Selon lui, la presque totalité des jeunes médecins se présentent maintenant aux examens canadiens, dont la réussite est nécessaire à l’obtention d’un droit de pratique à l’extérieur du Québec. Il estime également que le tiers des étudiants anglophones et le quart des francophones tentent aussi leur chance aux examens américains, un phénomène qu’il dit sans précédent.

Fausse alarme?
A l’Ordre des ingénieurs, on se montre surpris par l’alarmisme de l’ADQ. «L’exode des cerveaux, ce n’est pas nouveau. Silicon Valley, ça fait trente ans que ça existe!» s’exclame Hubert Stephenne, secrétaire et directeur général de l’Ordre des ingénieurs du Québec. «S’il est vrai que certains quittent le Québec, et que des spécialistes de pointe se font offrir le package deal mirobolant, il est aussi vrai qu’une cohorte d’étrangers viennent s’installer ici. Bon an, mal an, une centaine d’ingénieurs formés à l’étranger arrivent au Québec.» Suffisamment pour faire le poids? Difficile à dire, aucune donnée n’est actuellement disponible…

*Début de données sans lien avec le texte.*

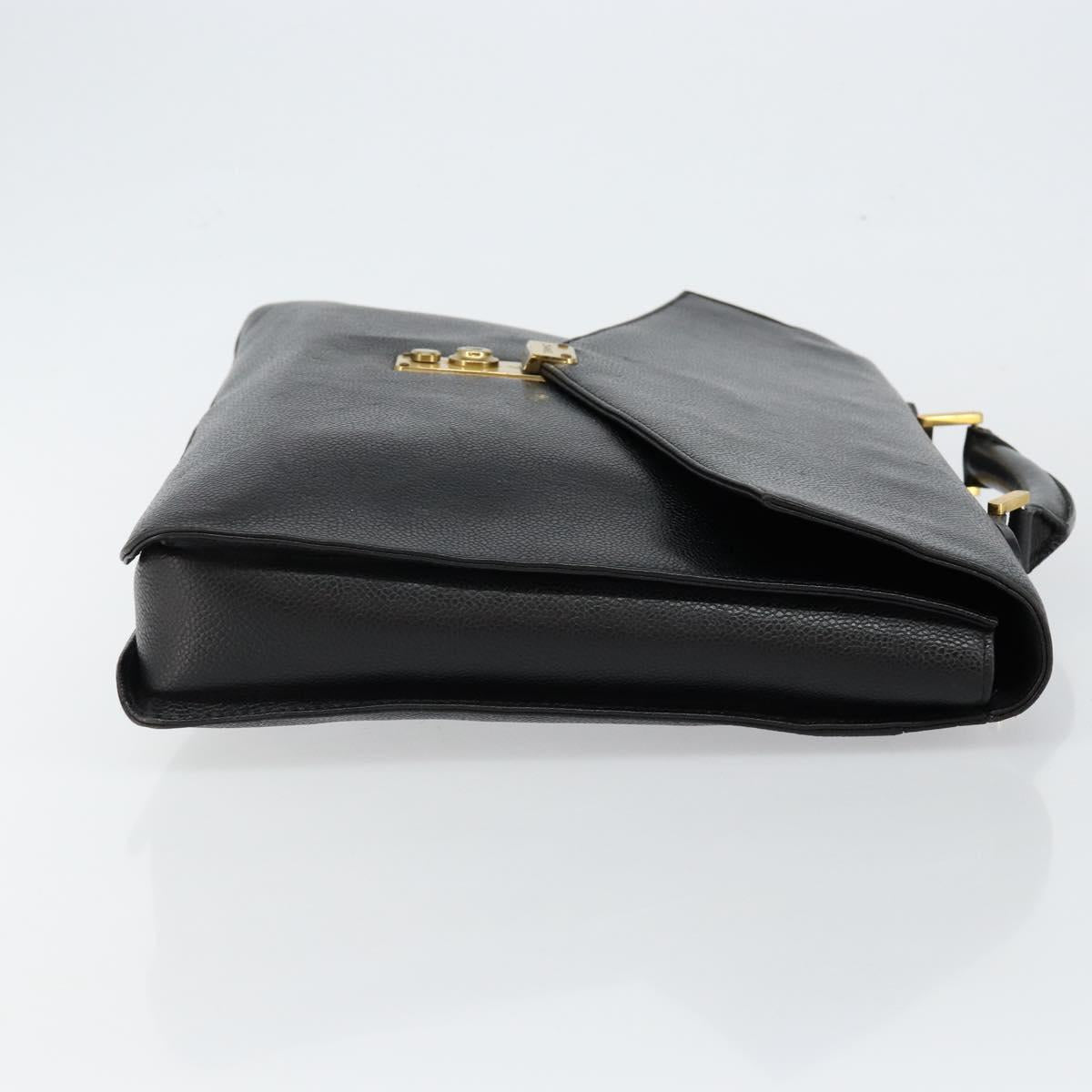 CHANEL Briefcase Caviar Skin Black Gold CC Auth bs29898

S’il admet que le climat économique n’est pas au beau fixe – disparue, la belle époque des grands chantiers! -, monsieur Stephenne estime cependant que la situation semble s’améliorer pour les membres de sa profession. D’après les données de l’Ordre des ingénieurs, le taux de chômage des ingénieurs était de 7 % en 93-94, alors qu’il se situe maintenant à 4 %. Même topo chez les plus jeunes, ceux possédant deux ans et moins d’expérience, dont le taux de non-emploi frôlait les 30 % il y a cinq ans, et qui a maintenant chuté sous la barre des 20 %. Un soupçon de mauvaise foi et on dirait que c’est ce 10 % qui ont quitté pour des cieux plus cléments…

«Non, rétorque le directeur. D’autres paramètres indiquent une amélioration. Par exemple, le délai entre la fin des études et le début d’un premier emploi se raccourcit. Cela dit, on n’en sait pas plus sur la qualité des emplois eux-mêmes. Certes, on ne peut pas dire que le ciel soit resplendissant, mais je ne vois pas, pour l’instant, de quoi se montrer alarmiste.»

Qui dit vrai? Aucune étude exhaustive ne permet pour l’instant de répondre précisément à la question.
Si les conditions de travail des jeunes, y compris celles des diplômés des études supérieures, se détériorent effectivement, ça ne suffit pas à expliquer l’ampleur de l’exode décrit par l’ADQ. En cette ère de mondialisation, le simple attrait de l’étranger pèse peut-être plus lourd qu’on ne le pense dans la balance, peut-être plus encore que le fameux fardeau fiscal des contribuables canadiens…

Pour ce qui est des «cerveaux», on peut comprendre. Comme dirait l’autre, quel crack de l’aviation a envie de piloter un Cessna ici, alors qu’il pourrait piloter un avion supersonique de l’autre côté de la frontière?